I recently purchased one (It's not yet shipped, though) and I was wondering if it would.

If not, I'll get Final Cut Express (If that will run...), but will it run Studio 2 as I would rather get the Pro version because it would me more useful to become familiar with, seeing as though I would like to one day have a career in that field of work...
 

BlakTornado

Guest
Original poster
Apr 24, 2007
944
0
Washington, OH
it should run with the exception of color not sure about that, but i would recommend upping the RAM to 2 gigs if not more. Did you get the stock video card?

Yeah. I'm not sure if they offer a different video card. But I will be upgrading my RAM after I buy (And can afford). I just don't want to spend another £150 on buying 2GB Apple RAM when I could get 4GB crucial for the same price.


I looked but there was no mention of the newest video card from the 2.4ghz 20" iMac... or the other new C2D iMacs (Not sure about the 2.8Ghz 24" - never looked into it)

Thanks for your help
 

Audioslave

macrumors newbie
Aug 29, 2007
14
0
It will run fine! I use Final Cut Pro on my 1,67 ghz Powerbook G4, so the iMac should have no problem with it. Im actually getting a new iMac 24" for HD-editing. Of course the Mac Pro would be better, but I dont have the $ right now. Not sure about Motion and Color, but if you dont plan on rendering the next Matrix the iMac is powerful enough for that too. Just check the recommended configurations.
 

prs986

macrumors regular
Aug 16, 2007
105
1
Central CA, USA
It will run like butter on the new iMacs! Even Motion and Color. I have the new 20" iMac but dont have FC Studio 2 but have used it on the iMacs at the :apple: store. I would recomend upgrading to 3 gigs of ram. That seems to be the sweet spot for the new iMacs. You can upgrade to 4 gigs but it's not that big of an increase in performance. But the more ram the better! Especially for programs like Motion and Color which are processor and RAM intensive.
 

divedude

macrumors member
Mar 25, 2007
70
0
The specs say to run COLOR, a 24" iMac with Intel Core Duo is required. I had a private demo at the Apple store today to make sure the 24" would handle my HD video. I was impressed with the layers it could handle, including MOTION. All played in real time on a 2.4 CPU with 3 GB of memory. I plan to order the 2.8 and up it to 4GB of memory.
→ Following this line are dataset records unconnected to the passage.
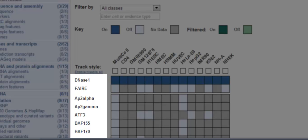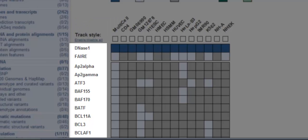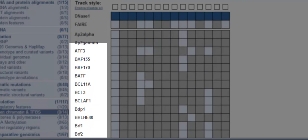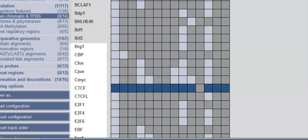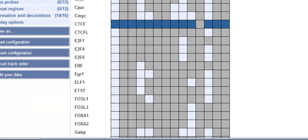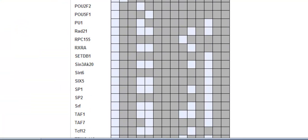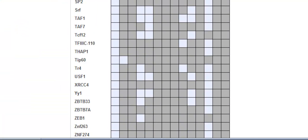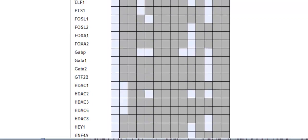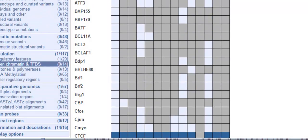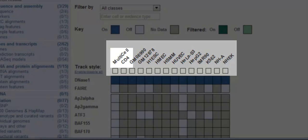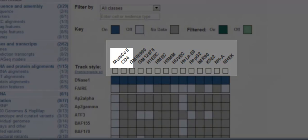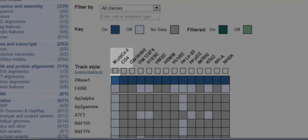Now back to the matrix. The y-axis shows indicators of open chromatin, DNase1 hypersensitivity and FAIRE binding, and different transcription factor binding sites. Along the x-axis, we have different cell types and a multi-cell option that brings together the data for the single cell types.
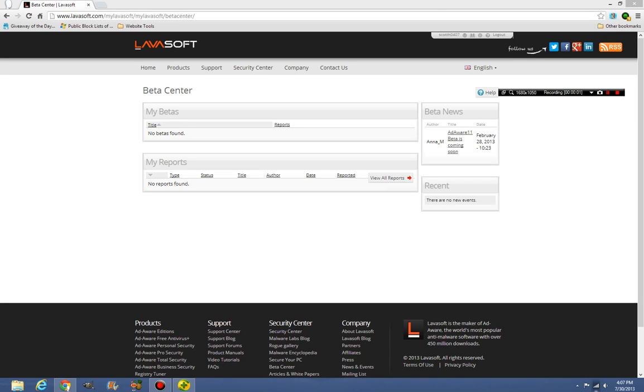Okay, hello everybody, and I wanted to answer a question, and that question was, why aren't you doing the Ad-Aware 11 beta?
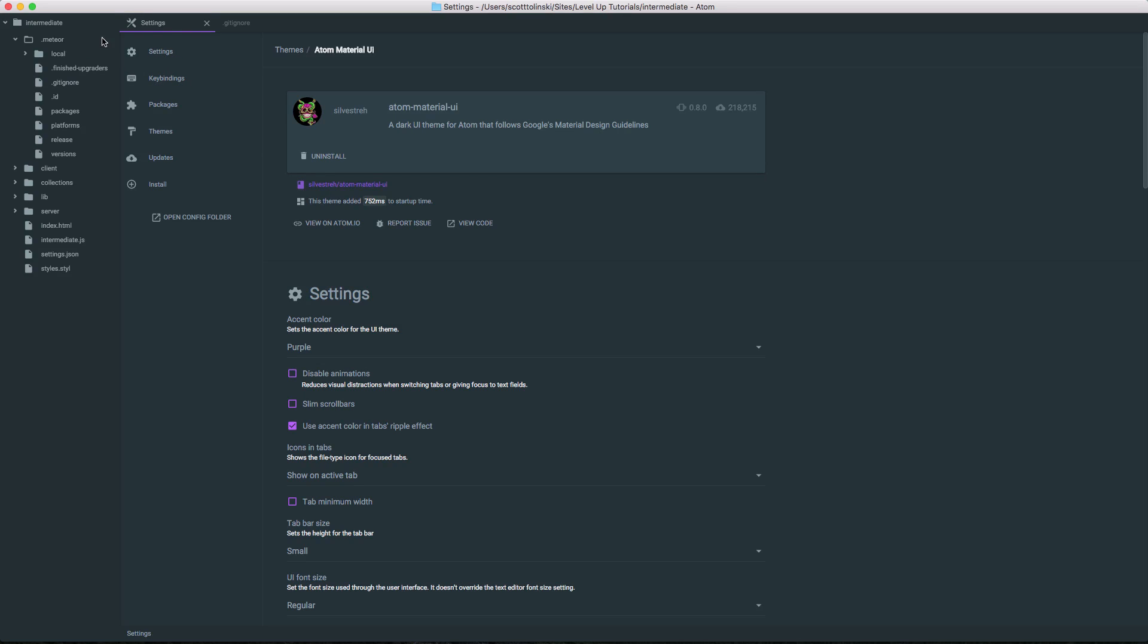Cool. So this is how you change the UI theme in Atom. And as you can see, Atom Material allows for a whole bunch of nice settings that allow you to totally tweak it. And a lot of these themes are going to come with their own settings packages to further allow you to modify what they are looking and interacting like.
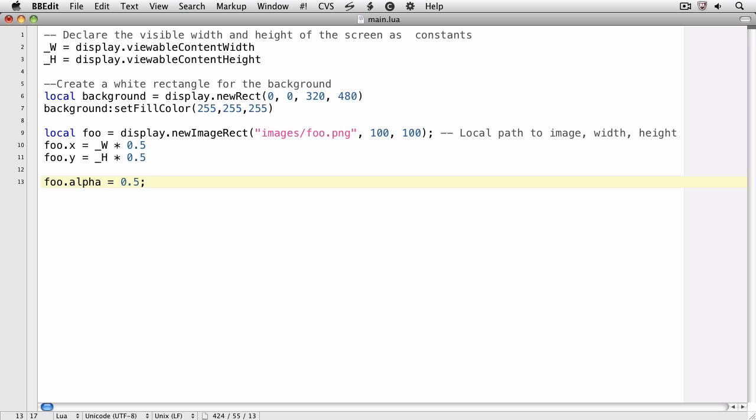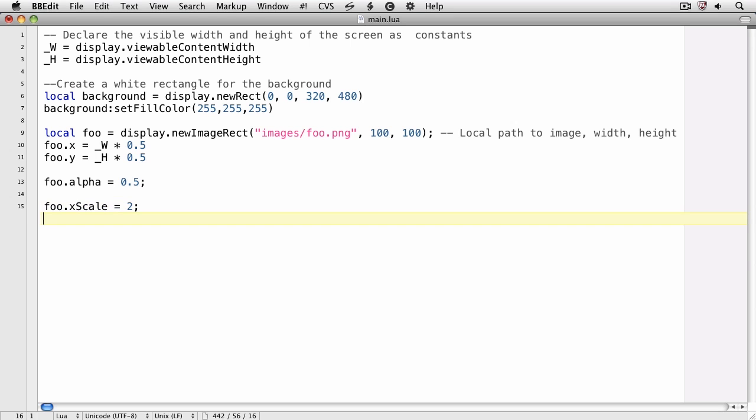We can scale the image by using the xscale and yscale properties of the image object. foo.xscale, notice the capital S, equals 2. And foo.yscale equals 2.5. So this means that we'll scale on the horizontal two times, and scale on the vertical two and a half times.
http://www.apple.com/finalcutstudio/specs.html
 

prs986

macrumors regular
Aug 16, 2007
105
1
Central CA, USA
The specs say to run COLOR, a 24" iMac with Intel Core Duo is required. I had a private demo at the Apple store today to make sure the 24" would handle my HD video. I was impressed with the layers it could handle, including MOTION. All played in real time on a 2.4 CPU with 3 GB of memory. I plan to order the 2.8 and up it to 4GB of memory.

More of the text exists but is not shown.